Someone recently wrote in regarding strike response and how to be the first one to act in a violent situation:
Dan H. writes:
“I am working my way through your DVD series “Surviving the Most Critical 5 Seconds of Your Life,” and I understand and appreciate the series of actions based on response, etc.
My question is one of getting the first strike and the initial injury to get the process started.
Will you share with me the mind-set, readiness, or just general info on setting up this first strike? Seems to me this is the most critical time as my attacker is still at full capacity.”
Dan,
You are absolutely right: Everything hinges on that initial injury. Violence is a struggle until someone gets a debilitating injury, and then the situation landslides in the favor of the person who dished it out. Everything after that is academic.
The first rule is: INJURY NOW!
This means don’t waste time looking for an opening to strike or waiting to see what he’s going to do. As soon as you realize it’s on, break something inside of him. No assessment phase, no dropping into a fighting stance, no waiting to block, counter or otherwise engage with his skill or athleticism. Violence isn’t chess at 90-miles-per-hour. It’s a demolition derby.
This is why we train the way we do: You get out on the mats, and when it’s your turn, the first thing you do is plow through a target with a strike to cause injury. You’re training your brain to look for targets and smash them with no hesitation or monkeying around.
If you can “put your dukes up,” you can use the same motion to put your fingers into his eyes or your forearm though his neck. Don’t waste that motion by going halfway.
You want the first thing that hops out of you to be injury, and as you practice, so you shall perform.
So the simple (though possibly unsatisfying) answer is get straight to it. Beeline from where you are through a target to smash it with a targeted strike. Keep going until you get that injury. (You’ll know it when you get it.) Then repeat until you recognize non-functionality (you’ll know that when you see it, too).
A couple of pointers on mind-set:
If there’s an attacker, it’s YOU.
He may have started it—and for us civilians, nine times out of 10, it will come out of nowhere—but the first thing you will do is attack him to injure him, break him until he’s nonfunctional, and finish it.
It’s not about what he’s doing or what he wants to do. It’s about you doing things to him to make him go on the defensive, try to block, back up, etc.
As long as you see yourself as the victim in the equation, you will be. Choose to be the problem instead of the one who has a problem. Make him try to solve it while you strike and injure him.
It’s not a fight. It’s a beating.
Fighting is hard. Injuring people is easy. Fighting with someone who’s bigger, stronger, skilled and motivated is not going to go well if you don’t have him beat in some of those categories. But everyone eats injury the same. In competition, it’s called cheating; in life-or-death violence, it’s called living.
If you see it as a struggle, it will be. If you see it as breaking things inside him, you will.

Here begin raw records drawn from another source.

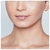 Gloss Labial Glossip Girl Fran by Franciny Ehlke 4,5ml
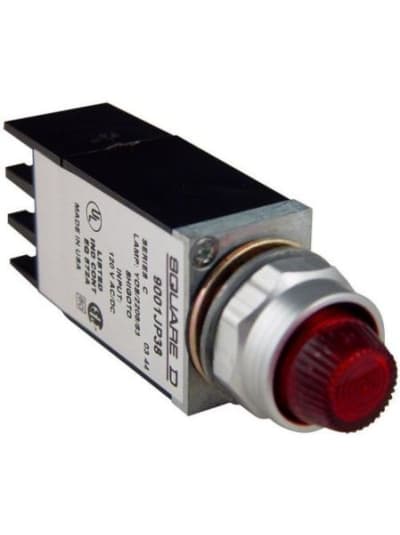 SCHNEIDER ELECTRIC 9001-JP36R29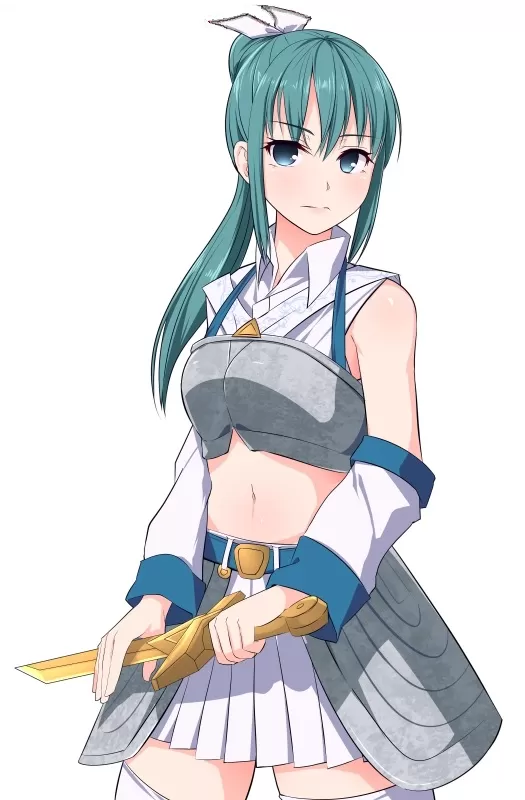 被玩坏的冰雪姬君  (1).jpg 被玩坏的冰雪姬君  (1).jpg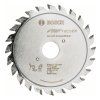 Kotúč Bosch Top Precision 120 mm | ajtech.sk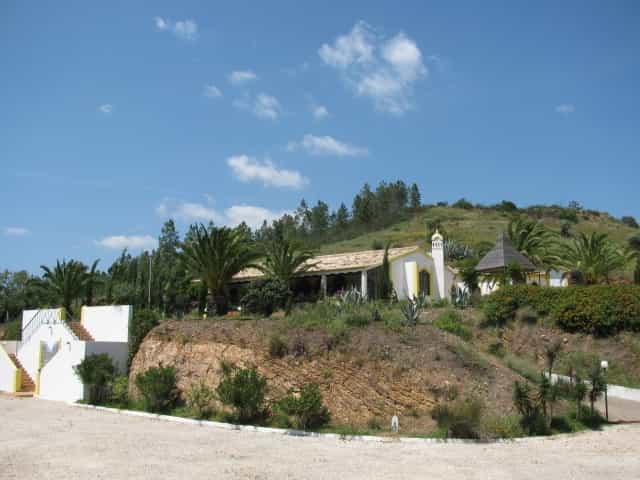 Huis in Portimao, Faro 10081979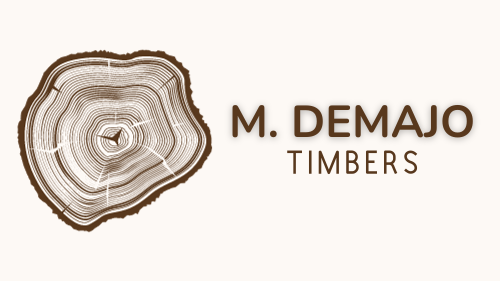 Demajo Timbers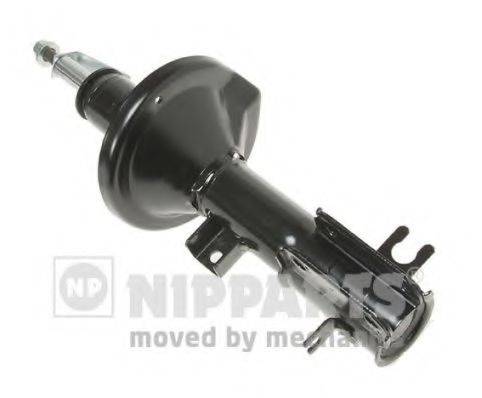 NIPPARTS N5510905G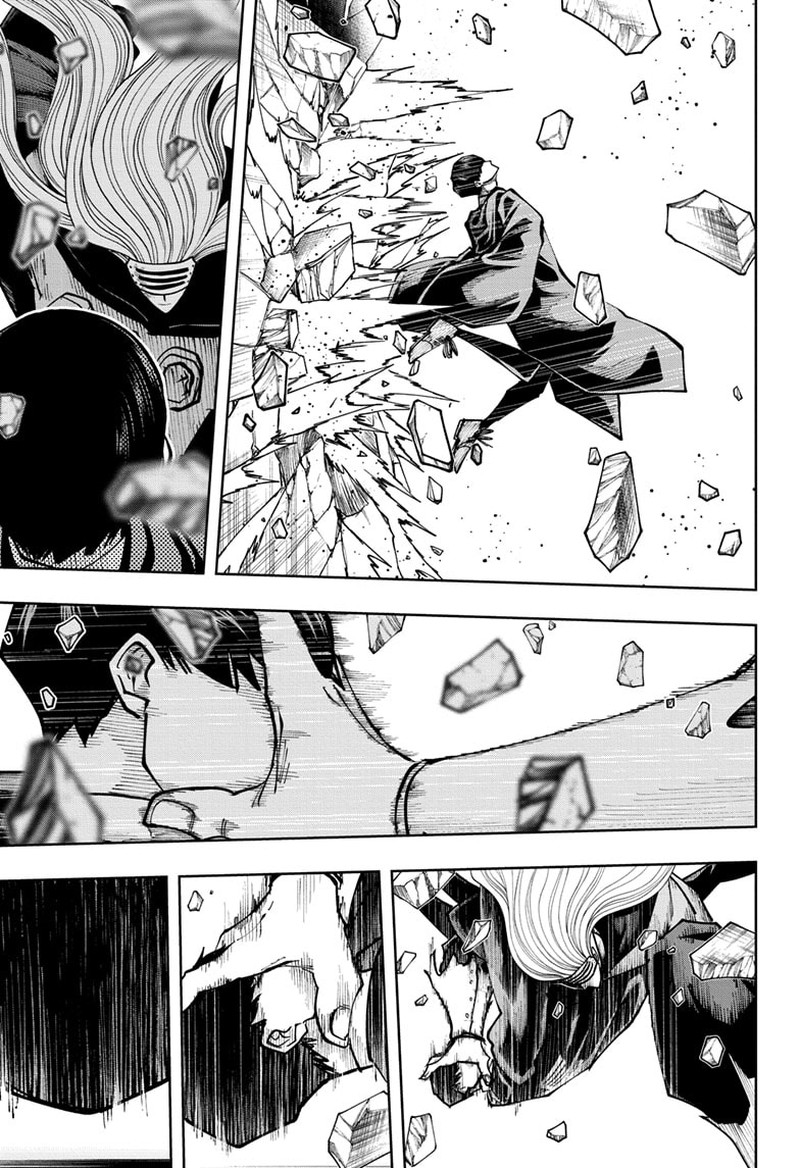 mashle magic and muscles 137 3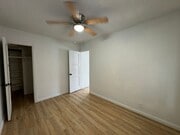 Photo - 2110 1/2-2110 1/2 Linden Ave Unit 2110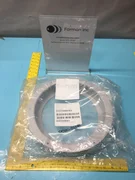 AMAT 0020-26588 Shield 8" PCII @ C & D, Preclean, 164143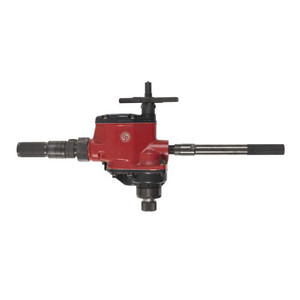 CP1820R32 by CP Chicago Pneumatic - 6151580290 image at AirToolPro.com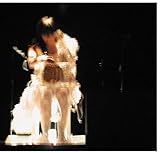 Vespertine Live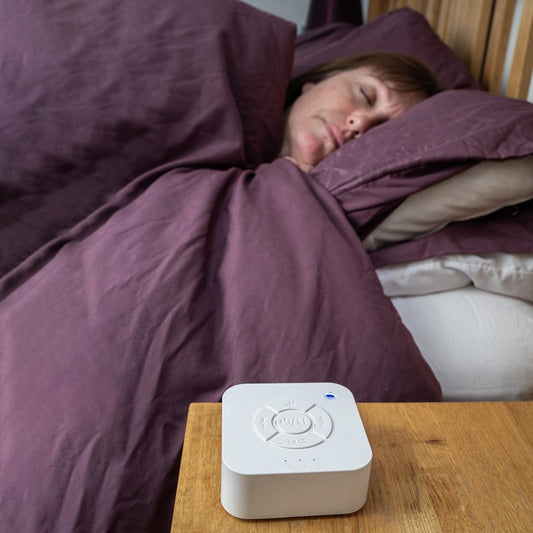 Compact Dream light - Bedtime, Toilet Training and Incontinence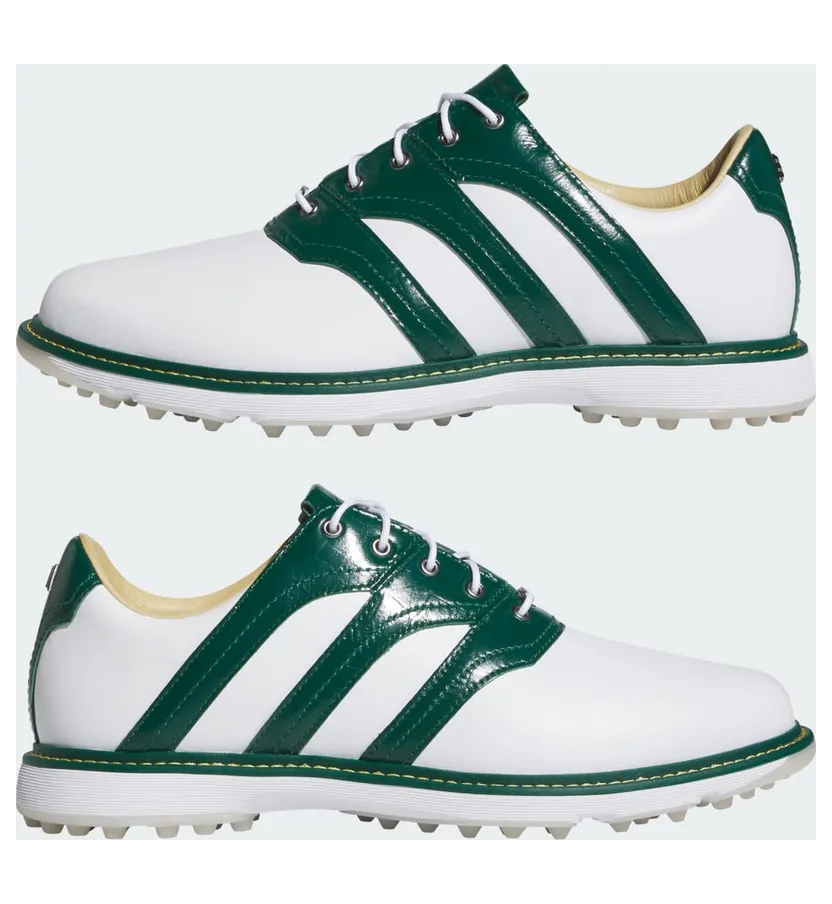 adidas-sneaker JH6127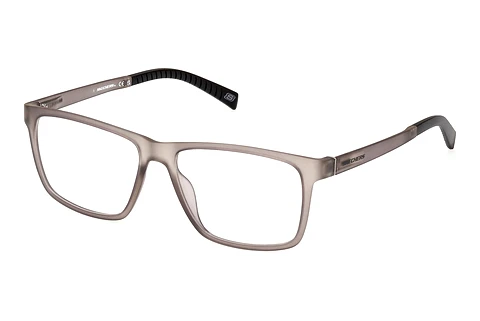 Glasses Skechers SE3374 020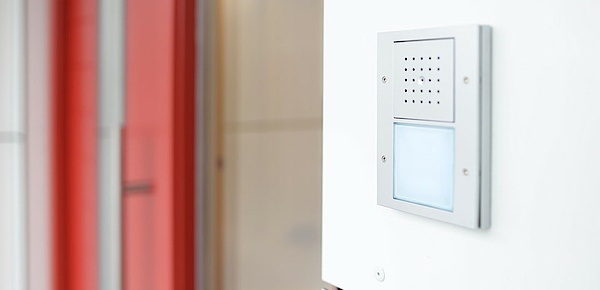 Design bei Elektro Mayer in Flintsbach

YOU don’t have to look any further than videos of criminal violence. And how do they engage? They don’t—they get straight to it. They wade in and hammer targets until they get the results they’re looking for. And then they pile it on. There is no consideration for the other man, his abilities or desires.
Change the way you look at the situation. Be the problem. Train accordingly—practice causing injury as the first thing you do. Resolve to get straight to it regardless of what has already happened—expect to get hit, cut, smacked, whatever. These things happen and we all have to accept that and get over it.
But the day belongs to the one who gets the first disabling injury.
Think and train to be that one.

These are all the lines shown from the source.